Our risen Jesus gave an additional proof that he wished the Sunday to be, henceforth, the privileged day. He reserved the second visit he intended to pay to all his disciples for this the eighth day since his Resurrection. During the previous days, he has left Thomas a prey to doubt; but to-day he shows himself to this Apostle, as well as to the others, and obliges him, by irresistible evidence, to lay aside his incredulity. Thus does our Saviour again honour the Sunday. The Holy Ghost will come down from heaven upon this same day of the week, making it the commencement of the Christian Church: Pentecost will complete the glory of this favoured day.
Jesus' apparition to the eleven, and the victory he gains over the incredulous Thomas—these are the special subjects the Church brings before us to-day.
By this apparition, which is the seventh since his Resurrection, our Saviour wins the perfect faith of his disciples. It is impossible not to recognize God in the patience, the majesty, and the charity of him who shows himself to them. Here, again, our human thoughts are disconcerted; we should have thought this delay excessive; it would have seemed to us that our Lord ought to have at once either removed the sinful doubt from Thomas's mind, or punished him for his disbelief. But no: Jesus is infinite wisdom, and infinite goodness. In his wisdom, he makes this tardy acknowledgement of Thomas become a new argument of the truth of the Resurrection; in his goodness, he brings the heart of the incredulous disciple to repentance, humility, and love; yea, to a fervent and solemn retractation of all his disbelief. We will not here attempt to describe this admirable scene, which holy Church is about to bring before us. We will select, for our to-day's instruction, the important lesson given by Jesus to his disciple, and through him to us all. It is the leading instruction of the Sunday, the Octave of the Pasch, and it behooves us not to pass it by, for, more than any other, it tells us the leading characteristic of a Christian, shows us the cause of our being so listless in God's service, and points out to us the remedy for our spiritual ailments.
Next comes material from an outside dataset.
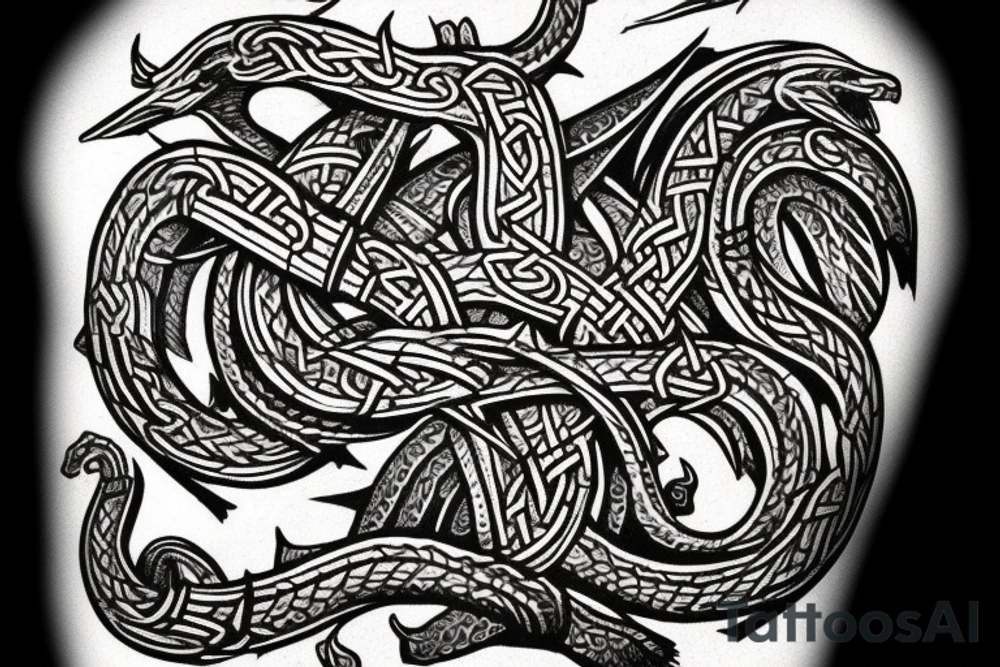Stave Church in Urnes Archaic Viking style carving of sea serpent head jormungandr made into an arm sleeve tattoo idea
Jesus says to Thomas: 'Because thou hast seen me, thou hast believed: blessed are they that have not seen, and have believed!' Such is the great truth, spoken by the lips of the God-Man: it is a most important counsel, given, not only to Thomas, but to all who would serve God and secure their salvation. What is it that Jesus asks of his disciple? Has he not heard him make profession that now, at last, he firmly believes? After all, was there any great fault in Thomas's insisting on having experimental evidence before believing in so extraordinary a miracle as the Resurrection? Was he obliged to trust to the testimony of Peter and the others, under penalty of offending his divine Master? Did he not evince his prudence, by withholding his assent until he had additional proofs of the truth of what his brethren told him? Yes, Thomas was a circumspect and prudent man, and one that was slow to believe what he had heard; he was worthy to be taken as a model by those Christians who reason and sit in judgment upon matters of faith. And yet, listen to the reproach made him by Jesus. It is merciful, and withal so severe! Jesus has so far condescended to the weakness of his disciple as to accept the condition on which alone he declares that he will believe: now that the disciple stands trembling before his risen Lord, and exclaims, in the earnestness of faith, `My Lord and my God!' oh! see how Jesus chides him! This stubbornness, this incredulity, deserves a punishment: the punishment is, to have these words said to him: `Thomas! thou hast believed, because thou hast seen!'
Then was Thomas obliged to believe before having seen? Yes, undoubtedly. Not only Thomas, but all the Apostles were in duty bound to believe the Resurrection of Jesus even before he showed himself to them. Had they not lived three years with him? Had they not seen him prove himself to be the Messias and the Son of God by the most undeniable miracles? Had he not foretold them that he would rise again on the third day? As to the humiliations and cruelties of his Passion, had he not told them, a short time previous to it, that he was to be seized by the Jews in Jerusalem, and be delivered to the gentiles? that he was to be scourged, spit upon, and put to death?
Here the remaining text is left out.